I’m regularly told that people want the google experience at work.
I know what they mean.
They mean “we want to find what we want”.
But Google isn’t actually very good at this when what you want is a specific thing.
Where Google excels is search problems where we can define the search problem as:
- Show me something popular.
- Show me some information about a thing, I don’t really care where it comes from – just that it’s popular.
- Show me some information about a thing, I don’t really care if it’s trustworthy or not, just that lots of people link to it.
- Show me some information, I don’t care whether or not it’s findable in a week or a month.
Google solves the problem of finding what’s popular, now.
Business search problems though, are almost always about what’s unpopular, specific and authoritative.
And Google isn’t very good at those.
For what it’s worth, Google recognises that the search it provides isn’t the right search for every situation, it’s why we have Google Scholar.
1 thought on “How to explain to people in your business that Google.com isn’t really very good at the kind of search they want.”
I think Google is better at finding specifics than you give it credit for.

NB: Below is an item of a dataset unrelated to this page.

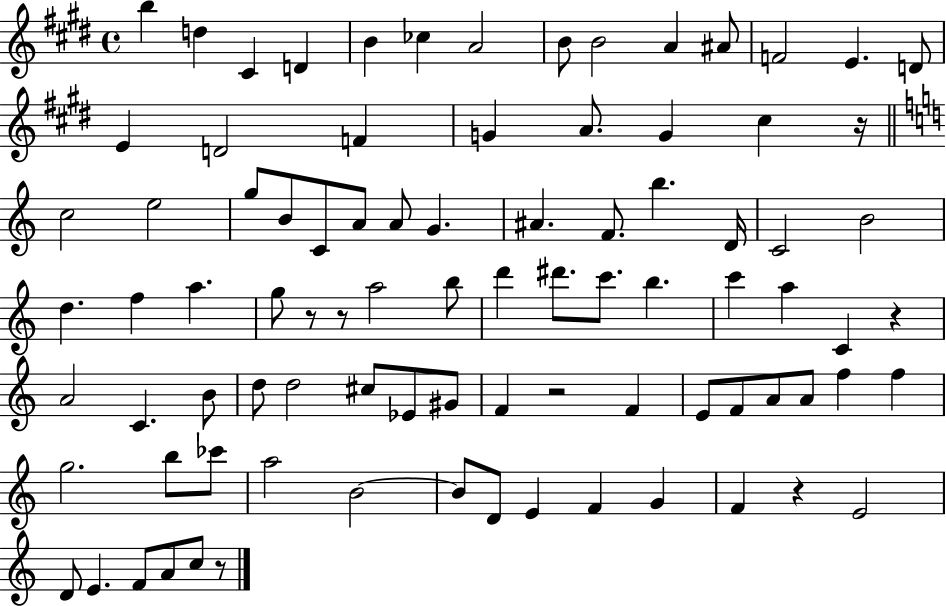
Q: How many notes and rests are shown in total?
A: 88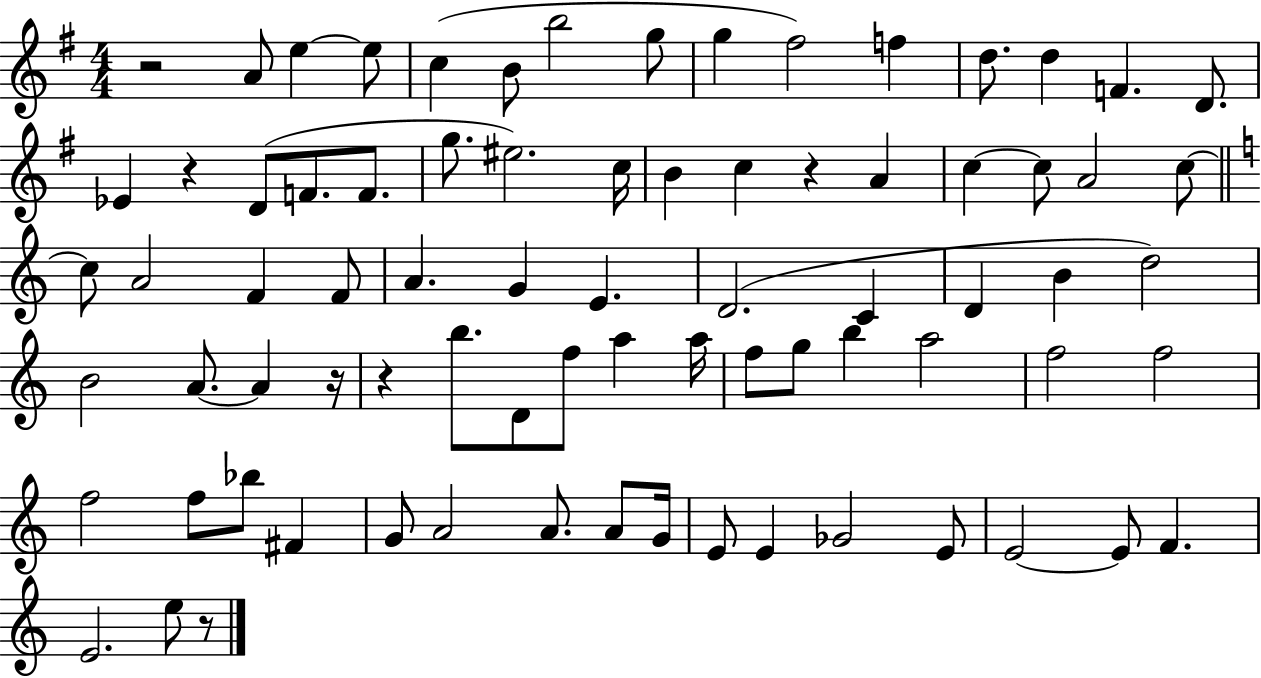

But I agree that consumer search behaviour is very different to search behaviour inside organisations (both in terms of what people are looking for and the corpus of content that they are searching over).
A problem is that most people have no idea how Google works – it is just “magic”. Which means that they assume that the Google experience is simply the result of a whizzy bit of software – rather than the efforts of hundreds over thousands of people and tens of billions of dollars over the course of 20 years.